A.ヴェルクマイスターにおける「公理 Axiom」の意義に関する考察
――17世紀の学問の方法論をめぐって
藤原一弘(洗足学園大学/関東支部)


 本発表の主旨は、中部ドイツで活躍した音楽理論家アンドレアス・ヴェルクマイスター(1645-1706)の著作に見られる「公理 Axiom」の概念が、彼の音楽理論においていかなる意義を持つのかを明らかにすることにある。

 ユークリッドの『原論』第一巻に対してプロクロスが書いた註釈書のギリシャ語原典とそのラテン語訳が16世紀に刊行されると、ヨーロッパではこれを契機に学問の方法論に関する議論が活発となった。17世紀から18世紀にかけては、「数学的方法」ないしは「幾何学的方法」に代表される新たな学問の方法論が、数学以外の種々の学問分野にも適用された。この時代の学問にもっとも特徴的なのは、自明で証明不要な「公理 Axiom」からの演繹的証明という論理的操作である。ヴェルクマイスターも、この学問観を受け容れ、その音楽理論の構築に積極的に応用した理論家の一人であった。

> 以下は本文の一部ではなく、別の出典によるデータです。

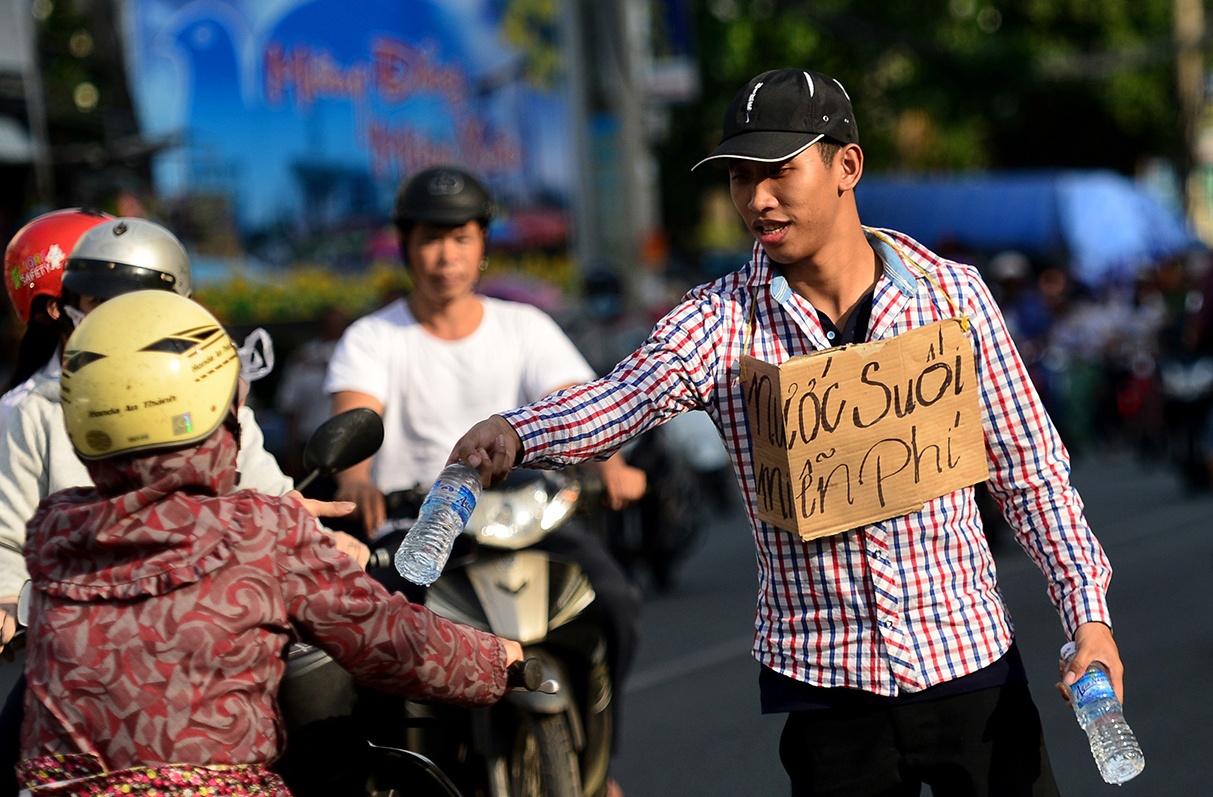Tuyen duong an uong mien phi ngay ram o Binh Duong hinh anh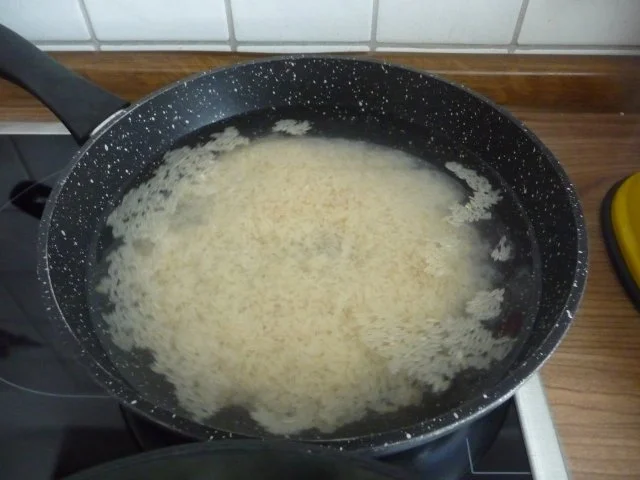 Geflügel : Hähnchenschenkel an buntem Reis mit Salat - Rezept - Bild Nr. 4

 ヴェルクマイスターが、Musicaを「数学的学」としてとらえていたことは広く知られているが、この場合、数学的学としてのMusicaとは、従来、中世の四科的な意味に理解され続けてきた。しかし、当時の学問の方法論という観点から、ヴェルクマイスターの音楽理論における「数学的学」としての Musicaの意義を問い直してみると、そこには四科的な意味合いと共に、数学的方法による証明に基づくMusicaという、今日まで知られていなかった重要な意味が含まれていることが明らかとなる。すなわちヴェルクマイスターにとって、Musicaとは「公理」からの演繹による証明によって導き出されるべき学問ということになる。ヴェルクマイスター以外の音楽理論家による、Musicaの公理と演繹的証明の試みとの比較することによって、ヴェルクマイスターの「公理」の独自性とは何かを考察する。


研究発表 D−2

作曲過程モデル論(第二報)
江村哲二(関東支部)


 昨年の第49回全国大会で発表した第一報では吉川が「一般設計学(1979)」で提唱した3つの公理を基に作曲過程のモデリングを行い幾つかの定理を導出した。このモデルは響きという実体概念集合の要求概念、機能概念、属性概念の各抽象概念集合がその実体の位相であるとすると、作曲とは写像g:要求空間→機能空間、写像f:機能空間→属性空間という2回の恒等写像で表され、また2回の写像とも不連続写像であるから、それぞれアブダクション(仮説形成)とディダクション(演繹)による収束過程を経る、というものであった。本報では2回の写像のうち写像fの詳細なモデリングを示す。まず機能空間と属性空間の間にさらに構造概念を位相とした構造空間を導入し、属性概念位相は「接続」により構造概念位相と同相と考え、属性概念位相を構造概念位相で代理する。写像fの環境として「自然法則」を与え、機能概念位相は有限個の自然法則概念位相に覆われたコンパクトな概念位相であると仮定すると、局所的に機能空間から構造空間への写像が連続写像となり、環境である自然法則の詳細化により機能から構造が生成され属性が決まる。つまり要求する機能の環境(自然法則)を詳細にすることによって構造が得られる、構造は与えるものではなく、与える環境によって機能から生成され得るものであるという定理を導出する。さらにこの過程は開放系(非孤立系)の非平衡状態では、環境からエネルギ(情報)を取り入れ、それを内部で散逸(消費)することによって構造が現れる、とする I.プリゴジンの「散逸構造論(1977)」との共通点を示し、また自然法則は対象、境界条件、振る舞いという3つの操作パラメータによって記述されているとすれば、先の自然法則の詳細化とは、要求する機能を振る舞い得る自然法則を選び、それに制約(境界条件)を与えることを意味する。サンプルとしてJ. P.ラモーとスペクトラム技法を取り上げる。


研究発表 D−3

リゲティの《ル・グラン・マカブル》における現象学的音楽空間
神月朋子(東京藝術大学/関東支部)


 本発表では、ジェルジ・リゲティ(1923〜 )のオペラ《ル・グラン・マカブル》(1974〜77/96)をとりあげ,実存的現象学にもとづく音楽空間論から考察する。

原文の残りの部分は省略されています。